Nonfiction.fr- Personne n’arrive encore à cerner à qui a profité la chute de DSK. Marine Le Pen a été l’une des premières à s’exprimer après son arrestation. D’après vous, quel est l’impact de cette affaire sur son électorat ?

Stéphane Rozès- A court terme, elle a subi l’affaire. Sa stratégie de communication qui consistait à s’exprimer immédiatement contre Dominique Strauss-Kahn a donné l’impression à l’opinion qu’elle participait à l’affaiblissement de l’image de la France que représentait alors le directeur général du FMI.

A plus long terme, la situation peut lui être profitable. S’il y a une entente, une transaction entre DSK et la plaignante, l’opinion française aurait du mal à comprendre. En France, une personne est coupable ou innocente. Une transaction risquerait de faire abandonner le sentiment de bienveillance des Français à l’égard de DSK.

 

Nonfiction.fr- Le risque d’un 21 avril à l’envers pour Nicolas Sarkozy est-il toujours valable ?

Stéphane Rozès- Ce sont les catégories populaires qui vont faire l’élection. C’est le cas à toutes les élections, mais plus particulièrement à celle-ci. Pour 2012, tout est ouvert.

Nicolas Sarkozy a changé de ligne. L’hypothèse d’une candidature de DSK lui avait fait choisir la ligne nationaliste de Patrick Buisson. Elle déplaçait le débat des questions économiques et sociales aux questions nationales et identitaires conduisant à un second tour Sarkozy-Le Pen. DSK devait se couper des catégories populaires en adoptant une ligne multiculturaliste mettant en avant le droit à la différence et non à la ressemblance.

L'affaire DSK fait que le centre redevient un enjeu et permet à Nicolas Sarkozy de se présidentialiser.

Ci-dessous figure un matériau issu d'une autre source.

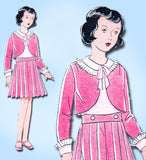 1930s Vintage Simplicity Sewing Pattern 445 Uncut Toddler Girls Bolero Suit Sz 6 - Vintage4me2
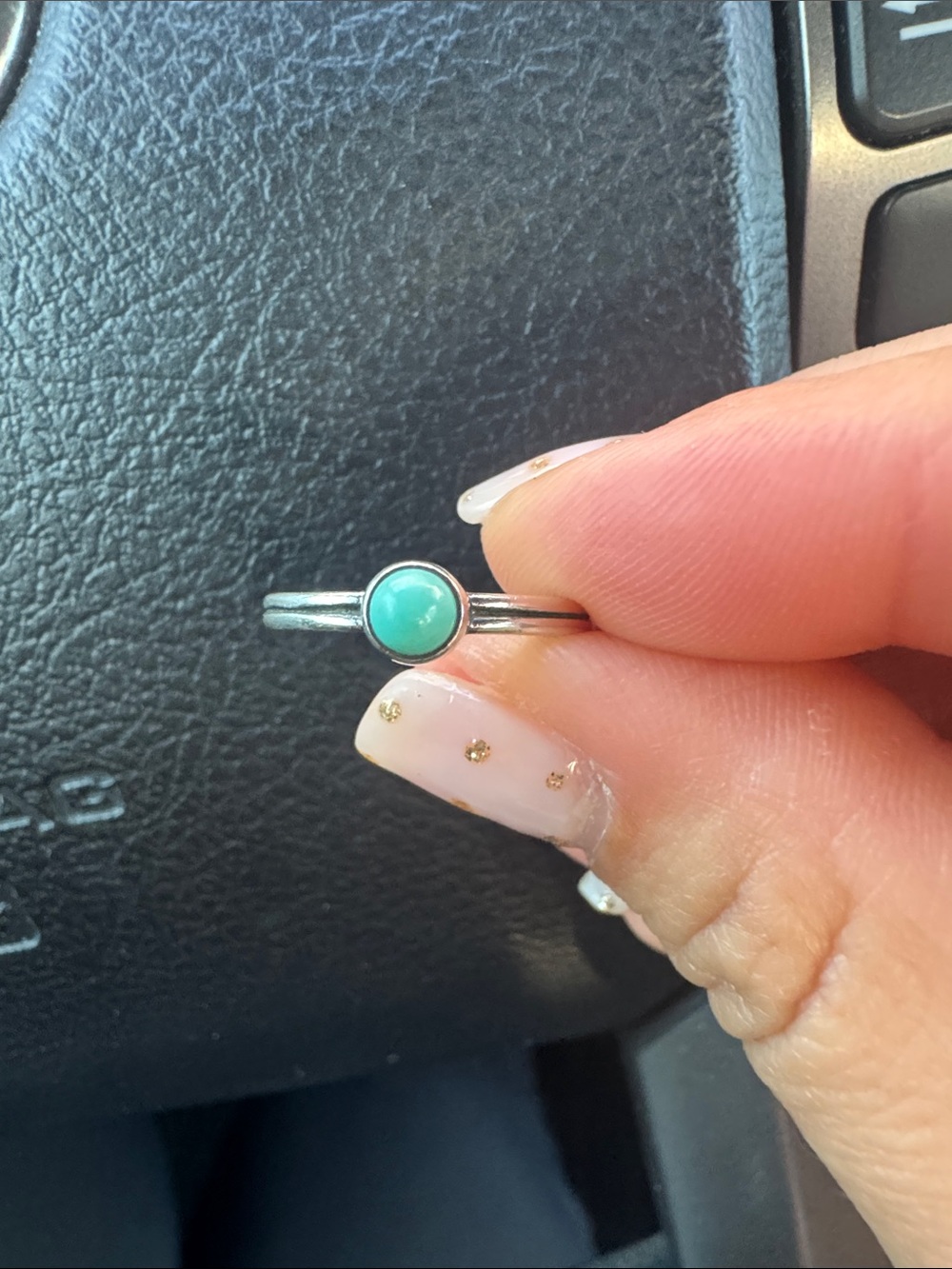 James Avery Sterling Ring with Teal Center Stone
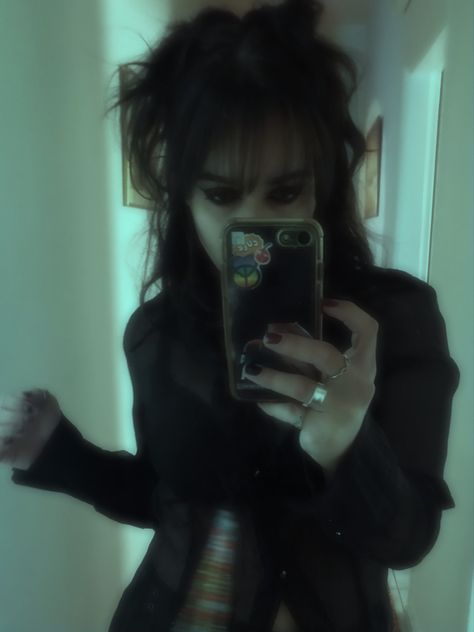 #grunge #grungeaesthetic #grungeoutfit #grungemakeup #emo #goth #gothgirl #gothaesthetic #gothic #gothcore #makeup #dark #black #blackhairstyles Goth Messy Bun, Gothcore Makeup, Messy Space Buns, 11 Aesthetic, Gothic Mirror, Goth Prom, Makeup Dark, Prom Buns, Space Buns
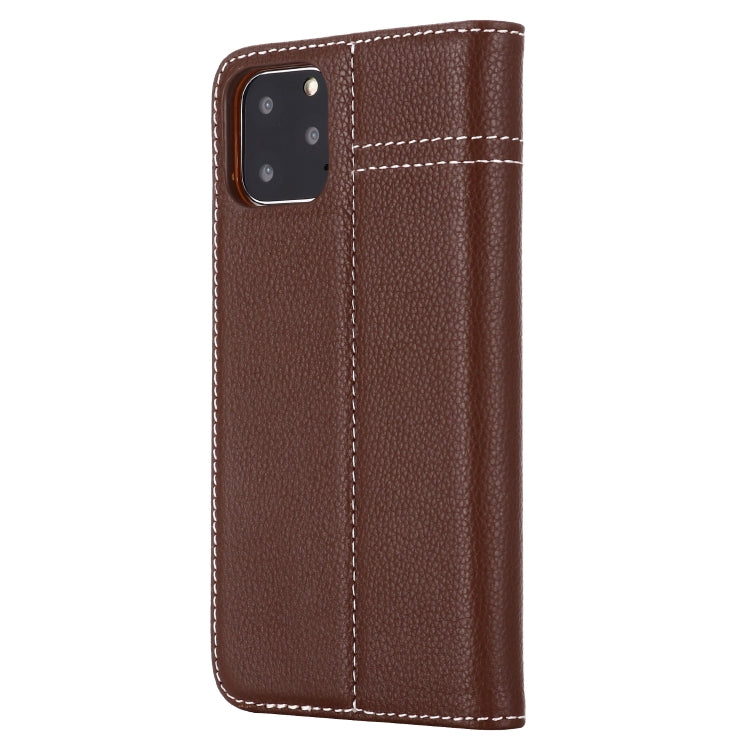 For iPhone 11 GEBEI Top-grain Leather Horizontal Flip Protective Case with Holder & Card Slots(Brown) - iPhone 11 Cases by GEBEI | Online Shopping UK | buy2fix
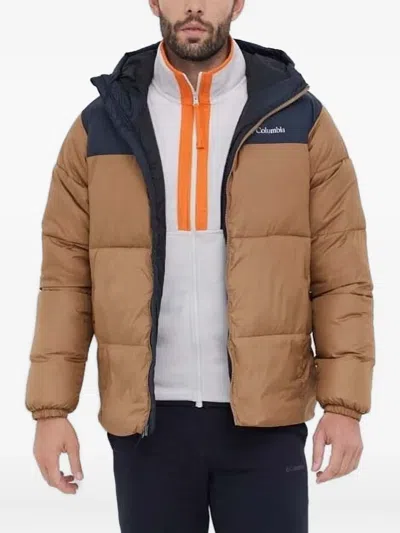 Columbia Hooded Puffer Jacket In Brown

Il retourne à la ligne Guaino de la nation, du président qui rassemble et se représidentialise.

 

Nonfiction.fr- Alors dans ces conditions le risque de 21 avril à l’envers s’éloigne ?

Stéphane Rozès- Tout dépend du candidat socialiste, de sa posture et de son programme.

Si le candidat socialiste est sur une ligne républicaine stricte, s'il dit la vérité sur la situation du pays et de sa nécessaire réforme dans la justice en nouant un lien direct avec les Français, alors il l'emportera.

 

Nonfiction.fr- A quel score, Marine Le Pen considèrera-t-elle que sa candidature à la présidentielle est un échec ?

Stéphane Rozès- Seule l’accession au second tour pourrait être un succès. Si elle y est, elle obtiendra un score qui peut être le double de celui de son père. Ce qui validerait sa stratégie.

Dans ce cas, soit, ayant écarté la gauche elle aura préempté la question sociale, soit, ayant écarté la droite, elle aura préempté la question nationale. Dans les périodes d'inquiétudes et régressives, les deux sont pour l'opinion étroitement liées. De l'articulation national-social au sein de la République pour sortir le pays de l'ornière dépend la prochaine présidentielle.